本記事ではランディングページ(LP)を作成する流れや必要項目、作成後に必要なLPOについて具体的に解説します。LPの作り方や作成後のLPOの進め方について迷われている方にとって参考記事になれば幸いです。
LPとLPOとは

ランディングページ(以下LP)とは、ユーザーが検索エンジンやリスティング広告、バナー広告など外部のサイトから最初に訪れるページのことです。
ランディング(Landing)は「着地する」という意味で、LPはWEBマーケティングにおいては縦長にレイアウトされた1つのページを差します。
サービスや商品情報を網羅することで訴求力を強め、ユーザーに商品購入や問い合わせ、資料請求などのコンバージョンを誘導することを目的に制作されます。
LP作成後にページを最適化する取り組みをLPO(Landing Page Optimization)と言います。
LP制作の流れ

LPの企画制作を行うには下記の必要項目が存在し、事前に担当者を決めて、準備する必要があります。
- コンバージョン(成果)の選定
- ペルソナの選定
- 構成の立案
- ライティング
- ビジュアル要素の準備
- デザイン
- コーディング
順に一つずつ説明してゆきます。
コンバージョン(成果)の選定
最初にLPのコンバージョン(成果)を選定する必要があります。
- 問い合わせ
- 商品・サービスの申し込み(購入)
- 資料請求
- メルマガ登録
- SNSアカウントのフォロー
上記に挙げたものが一般的に設定されることが多いコンバージョンです。
オンラインショップでは10%OFFクーポンなどユーザーにとっての先行メリットを設定し、それの開封数やメールアドレスの登録をコンバージョンに設定するケースもあります。
ペルソナの選定
コンバージョンを決めたら次はペルソナを設定し、分析し、訴求する軸を決めます。

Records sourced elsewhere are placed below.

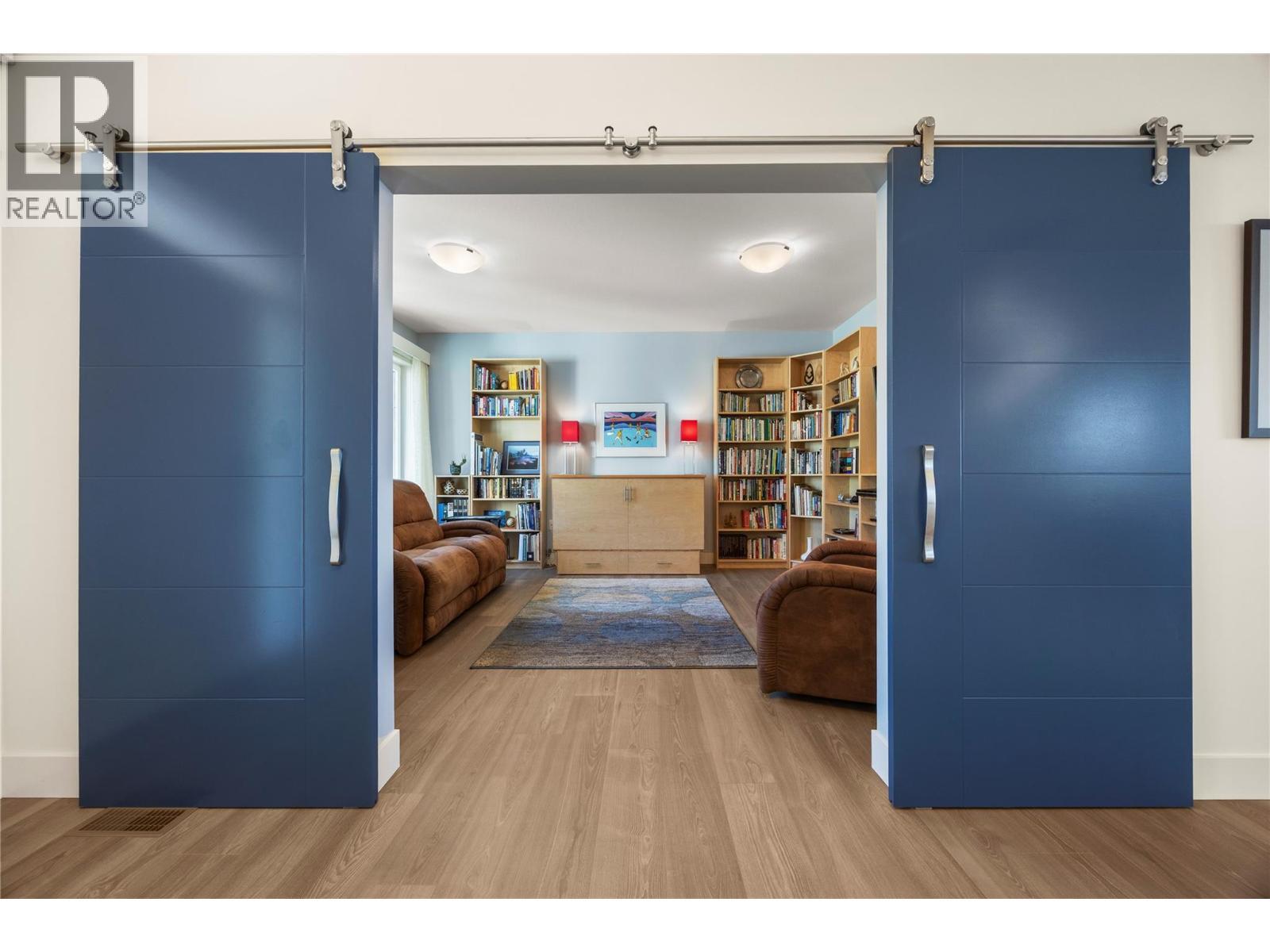 Barn door entrance to main floor den/flex space - 2442 Bella Vista Street, Kelowna, BC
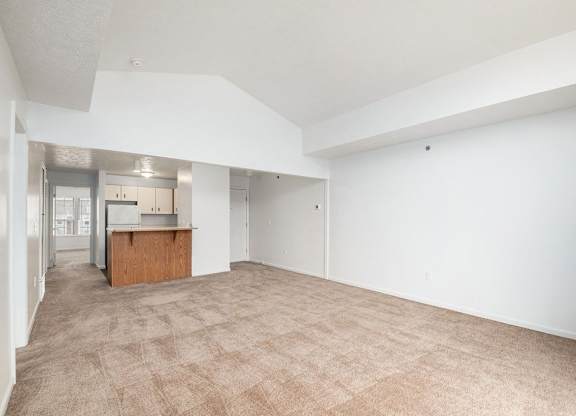 a living room with cathedral ceiling at Black Sand Apartment Homes in Lincoln, NE
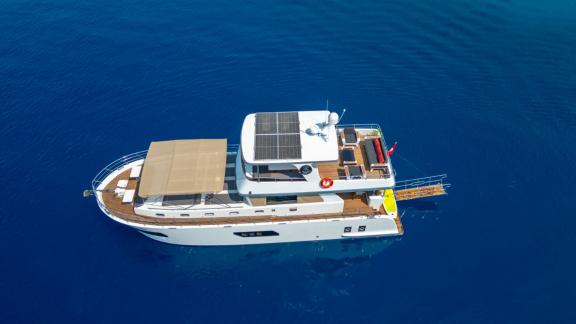 The trawler yacht Kaan Bey 2 is peacefully anchored in open blue waters.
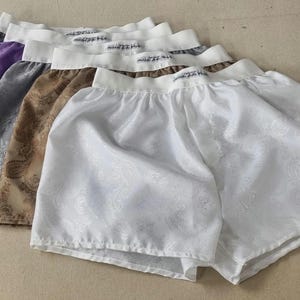 Peut inclure: Une collection de shorts de boxe en satin de différentes couleurs, dont blanc, marron, gris, violet et bleu. Les shorts ont une ceinture blanche et un motif floral subtil. Les shorts sont disposés en éventail.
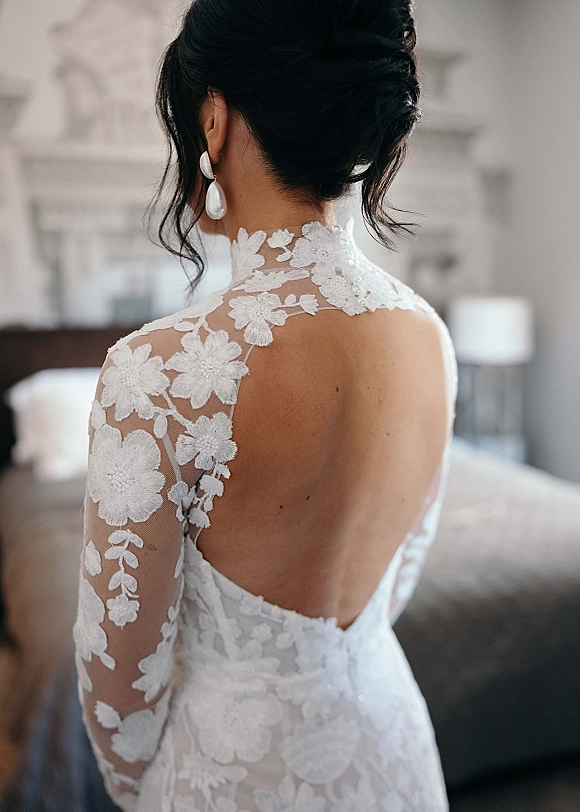 Wedding dress with illusion lace high neck and open back, styled with bridal updo and pearl drops beside a bedroom bed and lamp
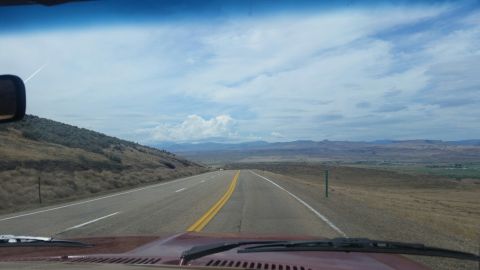 1985 Ford Bronco - View from the driver's seat of a maroon vehicle driving on a highway through a dry, hilly landscape under a cloudy sky. The road ahead has…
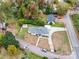 Aerial view of the property, showing house, driveway, and yard at 504 N Pine Ln, Wadesboro, NC 28170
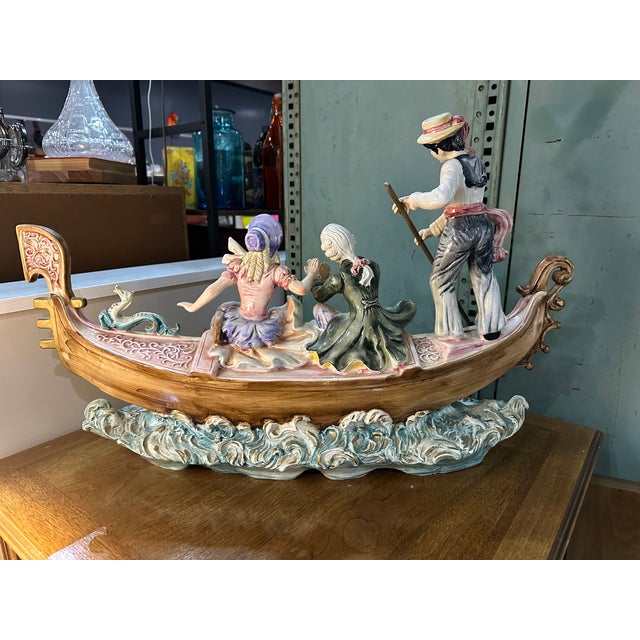 Experience the charm of Venice with this rare vintage Capodimonte ("top of the line") porcelain sculpture titled "A Couple...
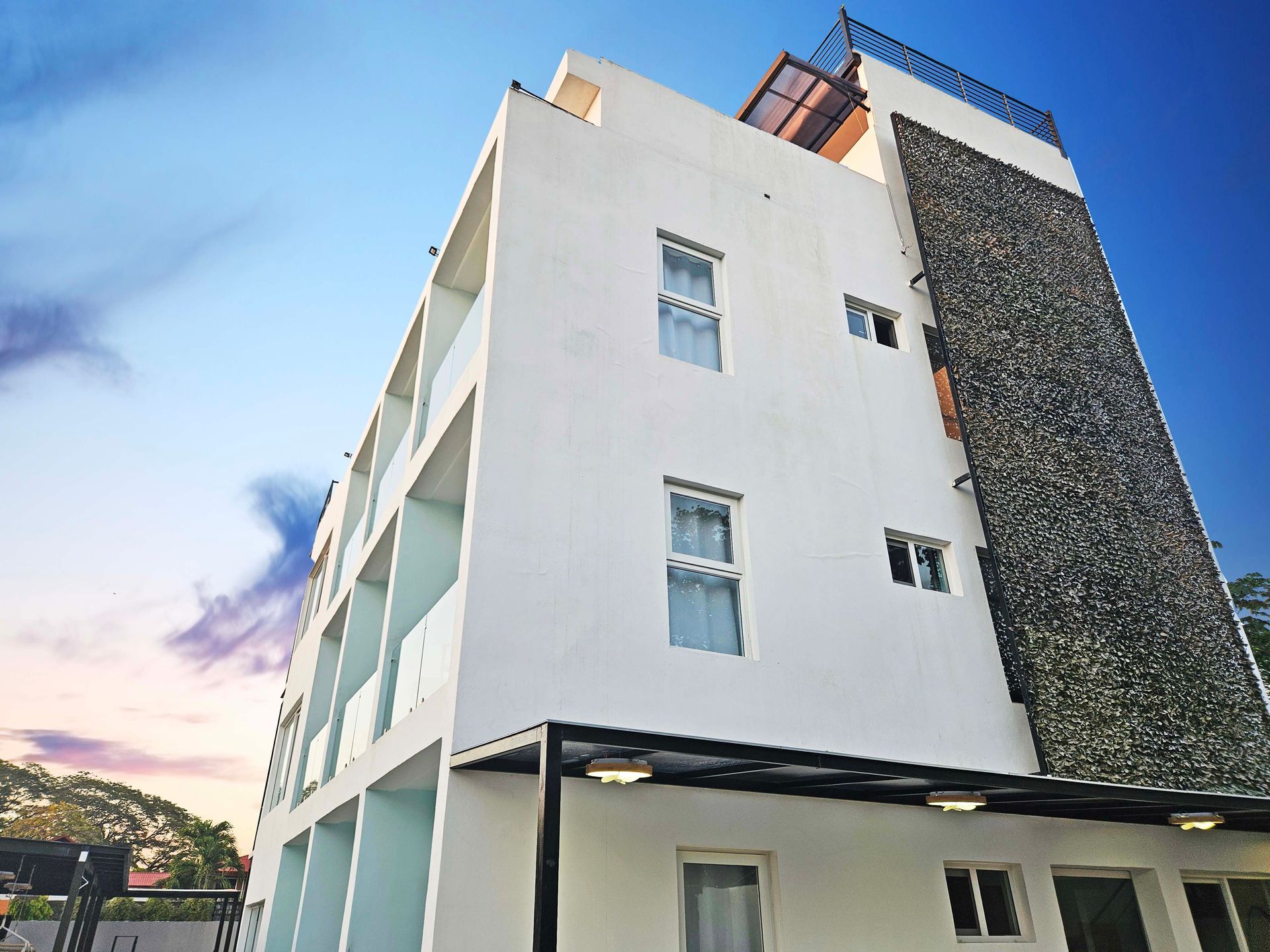 White building with stone accent, blue sky.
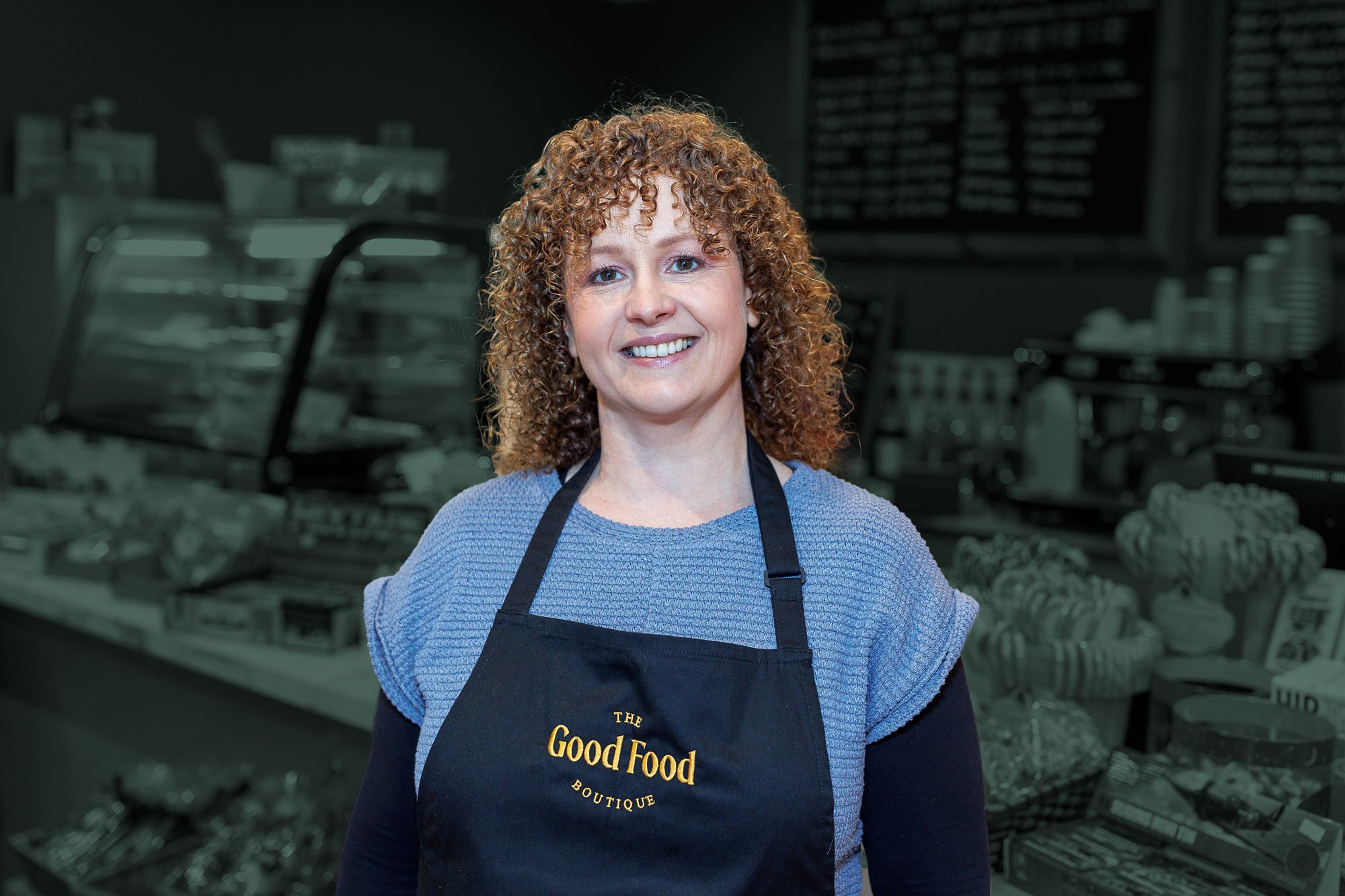 A woman with curly red hair smiling while wearing a blue shirt and a black apron with the text 'The Good Food Boutique' in a bakery or food shop.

ペルソナとは商品・サービスを利用する顧客の人物像のことを言います。
例えば女性用のリクルートスーツであれば性別は女性、年齢層は10代後半~20代前半、職業は会社または大学生など誰に対してこのLPで情報を届けて、コンバージョンへと誘導させたいかを決めます。
できるだけ具体的にペルソナを設定することで、ペルソナのコンバージョンに至るまでの思考傾向や価値観を明らかにして、企画を進めましょう。
構成の立案
成果地点となるコンバージョンとターゲットのペルソナが明確になったら、LPの構成を考えていきます。LPにおける構成とは、「何をどのような順番で伝えるか決める」ことです。
例えば商談では、相手が理解しやすいように順序立てて資料を作成し、プレゼンするのと同様に、LPでもユーザーが情報を理解し、商品・サービスへの興味と関心が高まるようにページを構成することで、成果に繋がりやすくなります。
構成がある程度固まったらワイヤーフレームを作成します。
ワイヤーフレームとは「ページの設計図」のことで、構成をより具体的にWEBページの形に落とし込んだもののことです。
ワイヤーフレームを作成することによってページ内のコンテンツ(テキスト・画像・CVボタンなど)の配置やレイアウトの設計ができるだけでなく、制作に係るメンバーやクライアントと擦り合せしやすくなります。
ライティング
構成を決めて、ワイヤーフレームでページ内のコンテンツの配置などを決めたらライティング(テキストやキャッチの作成)に取り掛かります。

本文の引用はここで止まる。